Sabemos desde a infância que nem a memória é neutra. Tem mais facilidade para guardar fatos agradáveis e esconder, em cantos obscuros do cérebro, episódios traumatizantes. Isso vale para todo mundo e também para a política.

Uma das falsas verdades de 2013 é dizer que Lula antecipou a campanha presidencial de 2014 ao falar que Dilma era candidata à reeleição. Falso. Inteiramente falso, como dizia um apresentador TV de antigamente. Basta consultar o calendário.

Lula lançou Dilma três meses depois de Fernando Henrique anunciar que Aécio era o candidato do PSDB.

O pronunciamento de FHC ocorreu em 4 de dezembro de 2012. O de Lula, em fevereiro de 2013.

Considerando que eu só precisei dar um Google para descobrir isso, cabe perguntar: por que ninguém reparou nisso antes?

Há três explicações. A primeira é uma ficção dentro da ficção. Depois de passar dois anos fingindo acreditar que  Lula pretendia voltar ao Planalto em 2014 – era uma forma de manter o ex-presidente na defensiva e constranger seus movimentos políticos –, a oposição é obrigada a aceitar a realidade de que Dilma será (como sempre foi) a candidata do PT à reeleição.
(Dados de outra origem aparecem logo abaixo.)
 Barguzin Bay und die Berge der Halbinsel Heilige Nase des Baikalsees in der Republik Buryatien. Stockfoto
Dizer que Lula “anunciou” a candidatura é uma tentativa de transformar em novidade uma notícia velhíssima, conhecida e confirmada pelos principais atores políticos.

Outro motivo está no piloto automático dos comentaristas e observadores ligados à oposição. Eles transformaram em mantra a tese de que tudo o que Lula e Dilma fazem tem como única e exclusiva finalidade preparar a vitória na próxima eleição. Medidas úteis e necessárias para o país, como a queda nos juros, o corte no ICMS da cesta básica e a preocupação com o emprego, são apresentadas como simples medidas eleitoreiras e, para empregar o adjetivo favorito dos desatualizados, populistas.
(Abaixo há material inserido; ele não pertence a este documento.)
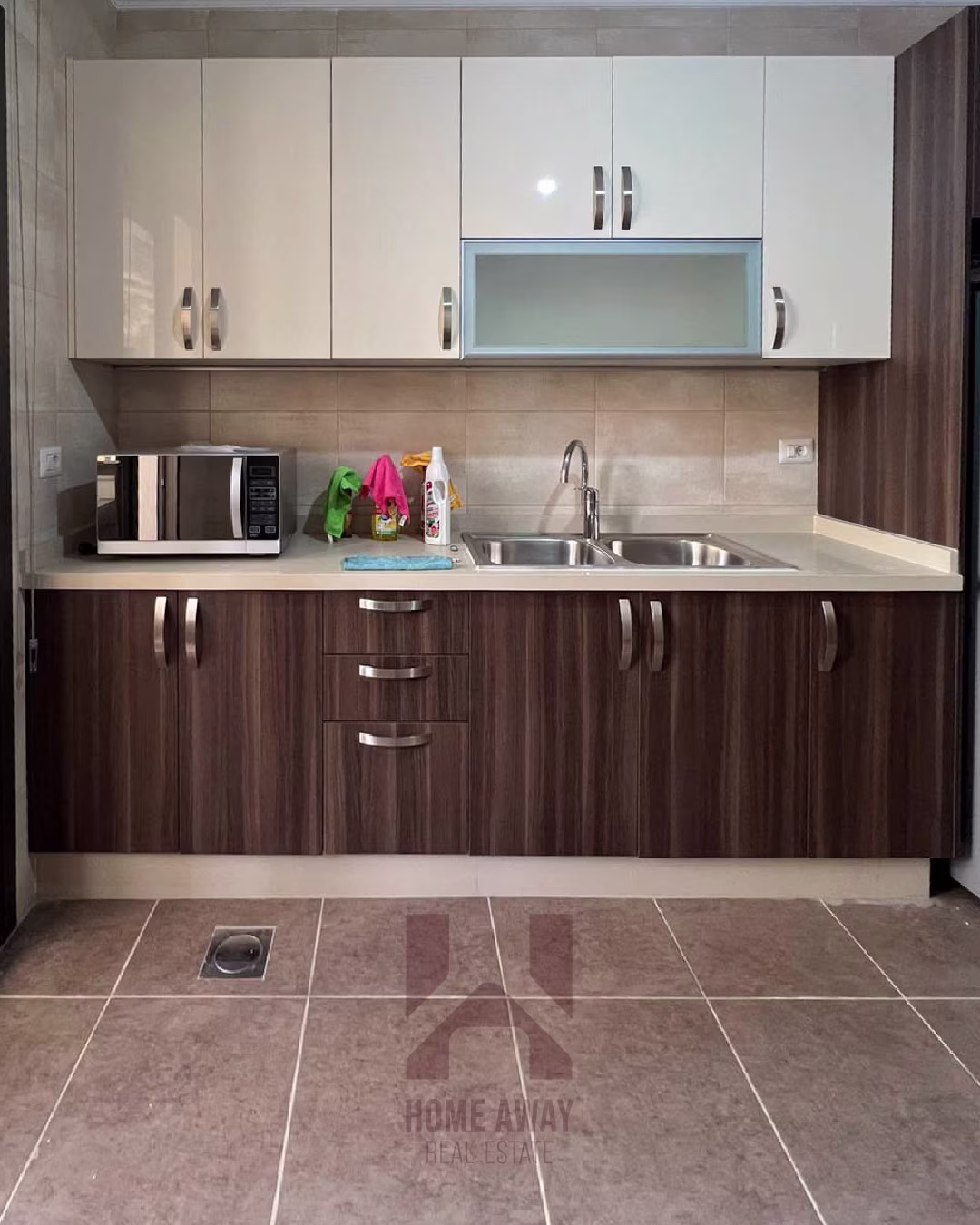 HA 143 Apartment - Interior View 3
Sendo assim, quando Lula diz que Dilma é sua candidata, é porque resolveu “antecipar” um processo que estava resolvido com muita antecedência. Desde 1º de janeiro de 2011 se sabe que, apenas em caso de desastre, Dilma não poderia concorrer em 2014. Mas como isso não combina com o retrato de "fominha" que se tenta acoplar a Lula, a turma achou melhor dizer o contrário.
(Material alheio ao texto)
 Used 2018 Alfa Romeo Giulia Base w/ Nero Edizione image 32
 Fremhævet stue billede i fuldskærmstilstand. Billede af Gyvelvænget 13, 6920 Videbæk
Mas é curioso tentar saber por que tanta gente acredita nessa versão de que Lula antecipou a campanha – e não FHC.

A resposta se encontra na dificuldade do PSDB de empolgar os eleitores com a mesma facilidade que exibe para animar os jornais e revistas. Apenas fatos relevantes podem alterar o curso de um processo político. E o PSDB tem dificuldades crescentes para produzir fatos relevantes no mundo das pessoas de carne e osso.

Na prática, ninguém reparou que FHC havia lançado Aécio no final de 2012. Por quê?

Porque ninguém sabe se a candidatura tucana é para valer. O candidato lançado por FHC não deixou a condição de político regional para se transformar em nome nacional.

Outro problema reside na articulação política. Além da monótona guerra interna contra José Serra, o futuro de Aécio depende, cada vez mais, da disposição e do fôlego de Eduardo Campos apresentar-se como concorrente da oposição. E este é o ponto.

Convém, então, acusar o PT de estar correndo na frente.

No fundo, parece até explicação de quem imagina que pode ser obrigado a achar uma desculpa mais adiante. Será? Ninguém sabe.

O que se sabe é que não está fácil enfrentar uma presidente com aprovação de 63%, vamos combinar.